The new evaluation function is much easier and straightforward to interpret. 

How exactly?

 

That is the million dollar question. The article talks about what +1.0 mean, but it is silent about 2.0 or 6.0 or 26.0. We can only guess - except I can't even imagine what a reasonable guess would be. Maybe +26 means that the stronger side wins 26 out of 27? Maybe.

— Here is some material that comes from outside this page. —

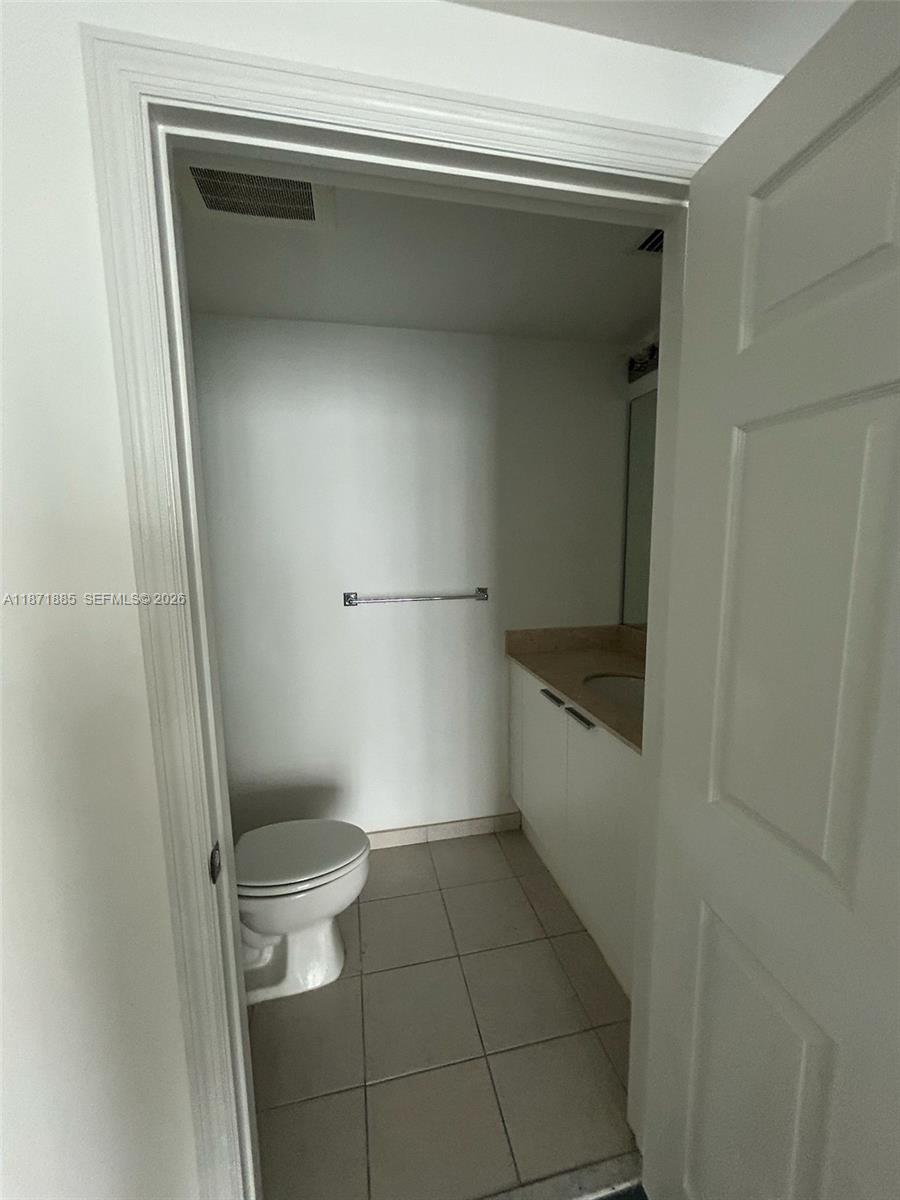 A small bathroom features a white toilet, a vanity with a sink, and tiled flooring — 140 S Dixie Hwy # 816, Hollywood FL 33020, HOLLYWOOD, FL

And how does that translate to the old evaluation, aside from the extremely vague remark "This convention scales down evaluations a bit compared to Stockfish 15".

Tony121145

Yes it's unclear what the change to the evaluation function in 15.1 actually means.  I'll repeat some games 15 only managed to draw against various top engines to see if 15.1 manages to find a few wins, bearing in mind the large number of draws usually involved with Dragon 3.2 and LC0 0.29. 

For anyone interested try it with this endgame study. SF 15 found the solution immediately but took a while to find the mate.

White: Kb1, Rc2 and Rh5, Ph4   Black: Kb7, Qa7, Pb6 and e7 ... White to move and win. SPOILER ALERT solution below.

 

 

 

Solution: The winning move is 1. Rhc5!! when capturing with 1 ... bxc5 is answered by 2. Ra2! and the black queens only escape squares allow a pin or a skewer with 3. Rb2. And if black captures the second rook, the h4 pawn will queen and win. Black has other possibilities on his first turn, but all result in the loss of the queen.

I don't know the source of the study but I got it published in Chess magazine about 3 years back by John Saunders who couldn't find the source either. A very elegant puzzle and extremely tricky for humans as the first move is far from obvious and I don't know anyone who has found it when shown. Not so for SF though, but even this silicon giant takes a few minutes to find the #22!

 

 

Tony121145

SF 15.1 found  some wins in games against top engines with the same openings and time limits, usually rapid 30'+8" and same engine parameters which SF15 only drew, so a definite improvement. 

Hope someone found the study/puzzle interesting.